Corporate earnings are expected to be poor for the second quarter, perhaps the worst in three years, or the worst since the end of the recession. Each of these predictions has been made with conviction. However, the bottom line buffer for many companies may be ongoing layoffs or, at least, the unwillingness to add jobs.
While the economy added 195,000 jobs last month, the rate is nowhere near enough to replace jobs lost in the recession. Many targets for healthy unemployment put a signal of a full recovery at below 6%. Corporate job additions are not near a pace to bring the joblessness number down that far.
One of the most commonly used actions to keep labor costs down is to retain workers on a part-time basis. Bureau of Labor Statistics data for June showed that trend ongoing:
The number of persons employed part time for economic reasons (sometimes referred to as involuntary part-time workers) increased by 322,000 to 8.2 million in June. These individuals were working part time because their hours had been cut back or because they were unable to find a full-time job.
Companies that absolutely must have workers for productivity can get them at below the market costs that existed before the recession. There is no end in sight for that practice. As a matter of fact, it seems to work very well.

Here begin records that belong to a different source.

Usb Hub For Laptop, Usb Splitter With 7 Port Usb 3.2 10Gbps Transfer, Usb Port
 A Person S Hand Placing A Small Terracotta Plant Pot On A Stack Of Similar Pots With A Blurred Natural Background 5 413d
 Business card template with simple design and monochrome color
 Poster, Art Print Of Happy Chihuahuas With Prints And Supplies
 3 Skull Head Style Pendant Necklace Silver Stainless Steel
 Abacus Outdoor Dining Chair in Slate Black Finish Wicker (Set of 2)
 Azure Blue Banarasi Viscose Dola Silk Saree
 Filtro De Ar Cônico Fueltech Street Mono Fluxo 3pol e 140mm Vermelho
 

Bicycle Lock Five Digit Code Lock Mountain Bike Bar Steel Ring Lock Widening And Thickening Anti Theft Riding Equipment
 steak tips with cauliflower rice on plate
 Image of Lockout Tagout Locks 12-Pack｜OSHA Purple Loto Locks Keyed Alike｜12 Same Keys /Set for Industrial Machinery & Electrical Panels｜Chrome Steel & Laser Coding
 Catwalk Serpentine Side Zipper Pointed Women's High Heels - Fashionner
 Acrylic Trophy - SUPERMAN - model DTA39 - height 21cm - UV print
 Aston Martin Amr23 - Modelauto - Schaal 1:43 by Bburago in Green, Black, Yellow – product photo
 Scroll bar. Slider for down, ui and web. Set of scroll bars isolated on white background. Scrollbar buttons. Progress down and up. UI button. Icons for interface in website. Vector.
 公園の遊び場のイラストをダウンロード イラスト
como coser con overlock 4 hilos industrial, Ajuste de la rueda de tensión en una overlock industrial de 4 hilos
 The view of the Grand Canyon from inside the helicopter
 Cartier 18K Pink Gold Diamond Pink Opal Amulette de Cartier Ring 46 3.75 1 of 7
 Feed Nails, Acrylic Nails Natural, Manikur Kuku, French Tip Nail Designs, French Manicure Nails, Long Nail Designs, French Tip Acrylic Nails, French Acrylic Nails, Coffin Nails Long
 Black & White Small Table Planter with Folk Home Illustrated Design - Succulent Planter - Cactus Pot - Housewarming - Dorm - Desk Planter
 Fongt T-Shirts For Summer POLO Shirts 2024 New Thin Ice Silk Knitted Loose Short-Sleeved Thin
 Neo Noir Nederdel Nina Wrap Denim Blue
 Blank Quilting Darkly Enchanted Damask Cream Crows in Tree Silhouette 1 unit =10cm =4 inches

The theory about why many U.S. companies had poor revenue in the second quarter is that some lost both sales and profits in Europe. For the most part, it is harder to fire people there, at least with economic efficiency, due to labor laws in Europe. Those same sort of restrictions usually are not present in the United States, which makes it easier to drop employment costs here.
Slow sales should be profits that are devoured by expenses. Expenses at many companies are dominated by people. That means salvaging second-quarter earnings may have been as simple as keeping workforce numbers low, or even paring them.